Decision makers, experts and regular folks on the western half of Hispaniola, agree that more quality jobs are really the only factor that can improve Haiti’s long-term prospects and boost the country’s immediate recovery.
World Bank President Jim Yong Kim hopes to add momentum to this proposition on his first visit to Haiti since taking the helm of the multilateral institution.
Kim will impress the importance of boosting jobs upon Haiti’s senior leadership, including President Michel Martelly and Prime Minister Laurent Lamothe as well as on business leaders, who he’s scheduled to meet over the next two days.
“While there has been much progress in rebuilding Haiti, the country's reconstruction and development will require a sustained effort for a long time.

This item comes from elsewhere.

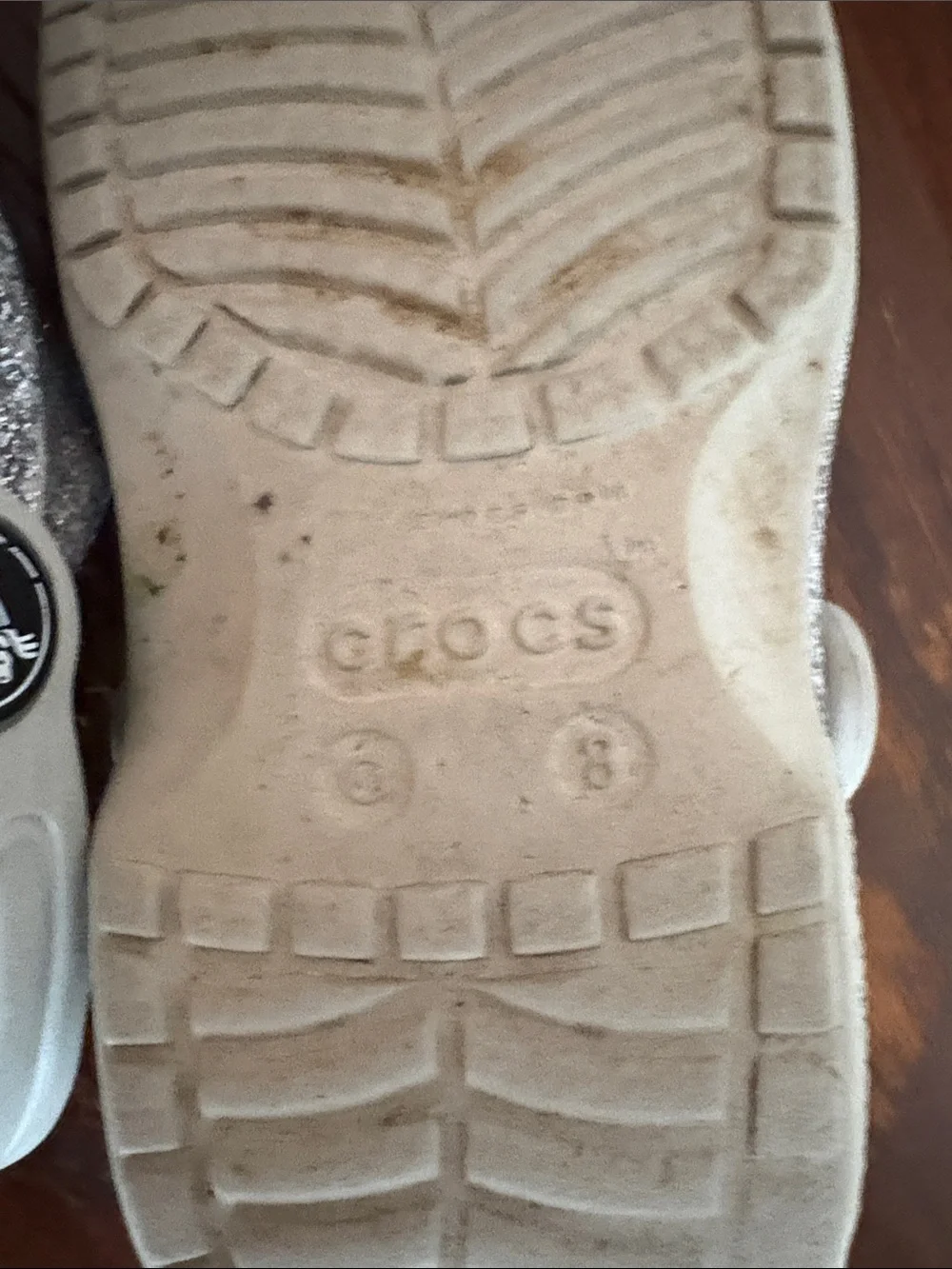 CROCS Classic Clog with Glitter and Jibbitz Charms Size 8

We are committed to supporting Haiti as it moves from emergency reconstruction to economic development in order to create new opportunities for all,” Kim said.
Private investments in the service sector, which tends to create the most jobs, are on the increase.
Power plant E-power, Codevi industrial park, Vietnamese telecom Viettel and the Leopard capital fund are just some recent examples of large local and foreign investments made in association with local entrepreneurs. These ventures, supported by IFC, are creating thousands of well- paying jobs in Haiti.
But it’s not quite enough. The informal sector is still a strong magnet, attracting the majority of Haiti’s 4 million-strong workforce. Mostly made up of unregulated micro and small businesses, the informal sector pays low salaries and provides precarious working conditions, a reflection of low-productivity and lack of economies of scales, according to experts.